Despite their differences, vertical and lateral thinking can work together to make ideas the best they can be. Lateral thinking can stimulate more creative logic in vertical thinking, and vertical thinking fine-tunes lateral thinking’s big ideas.
Why is lateral thinking important?
Lateral thinking can increase adaptability and innovation in people who practice it. With new technologies like AI and shifting demands from the labor force, products, and processes can become outdated quickly, and new ways of thinking offer more ways to overcome potential problems.
According to a McKinsey poll of 200 organizations across several industries, 90% of executives believe that how they do business will fundamentally change between 2020 and 2025. However, the same study found that only 21% of executives are prepared to create and embrace new growth opportunities.
Lateral thinking offers a framework for innovation that supports growth and change. It helps teams imagine the previously unimaginable and set themselves apart from the competition. Teams that can bring new perspectives to challenges will be more likely to stay with the curve and potentially create disruptive innovation that pushes the curve further ahead.
How to improve lateral thinking
Lateral thinking might seem abstract and hard to implement. But adding steps to your brainstorming process can help you become more conscious of your thought patterns, identify gaps, and think of creative ideas. Here are a few ways to broaden your own and your team’s problem-solving skills.
1. Recognize thought patterns
Humans often get stuck in an anchoring bias: making judgments or decisions based on the first piece of information they receive. Vertical thinking encourages this bias because it builds on what you already have. As new data or ideas arrive, you stack them on top of the existing information instead of innovating.
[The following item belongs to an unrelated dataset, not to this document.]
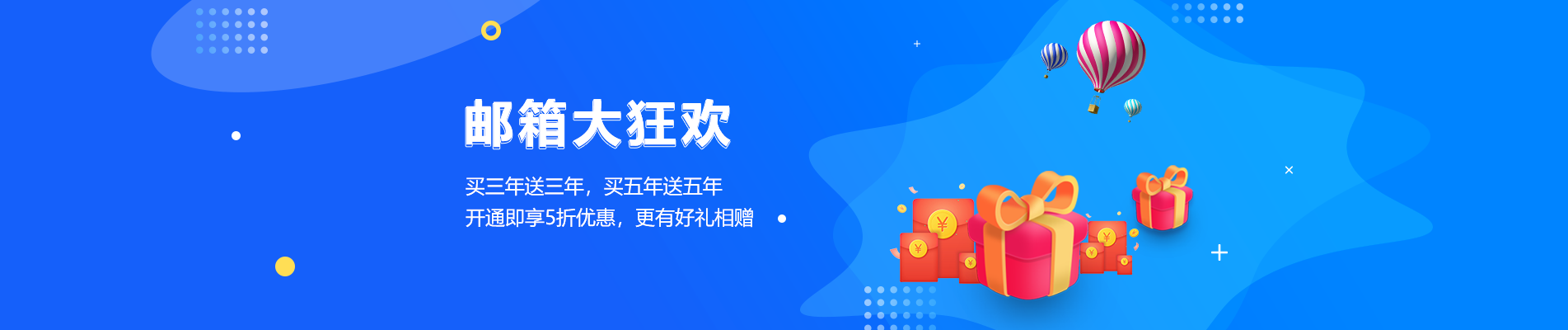 巧家网易企业邮箱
But lateral thinkers are often more aware of their thought patterns, meaning they can better prevent biases and reorganize information.
2. Ask why
You likely accept successful processes and services as unchangeable in your day-to-day professional life. If it’s not broken, why fix it? But asking why and how you use those processes, even when things are going well, is a common creative approach in lateral thinking to challenge ideas and break cognitive biases.
Figuring out why you or your team does something a certain way requires you to deconstruct the process and examine each element. This naturally brings forward new ideas and helps you find barriers you didn’t even know were there.
3. Consider all the alternatives
The logical outcome of problem-solving is to find the most efficient solution. Lateral thinking encourages you to purposefully set aside the “best” answer and brainstorm alternative approaches, regardless of how lofty they seem.
Imagine you’re running into issues with an important spreadsheet. You’re constantly adding new information, the system is slowing down, and it’s harder to find things when you need them. You try adding more sheets and reorganizing the data, but that doesn’t quite work.
Lateral thinking could help you think of an entirely new solution, like switching to project management software instead of relying on one spreadsheet.
4. Invite external stimuli
You may know what work environment best suits your critical thinking and concentration skills. While a steady environment may help your focus, it might also put you in a comfort zone that limits your creativity.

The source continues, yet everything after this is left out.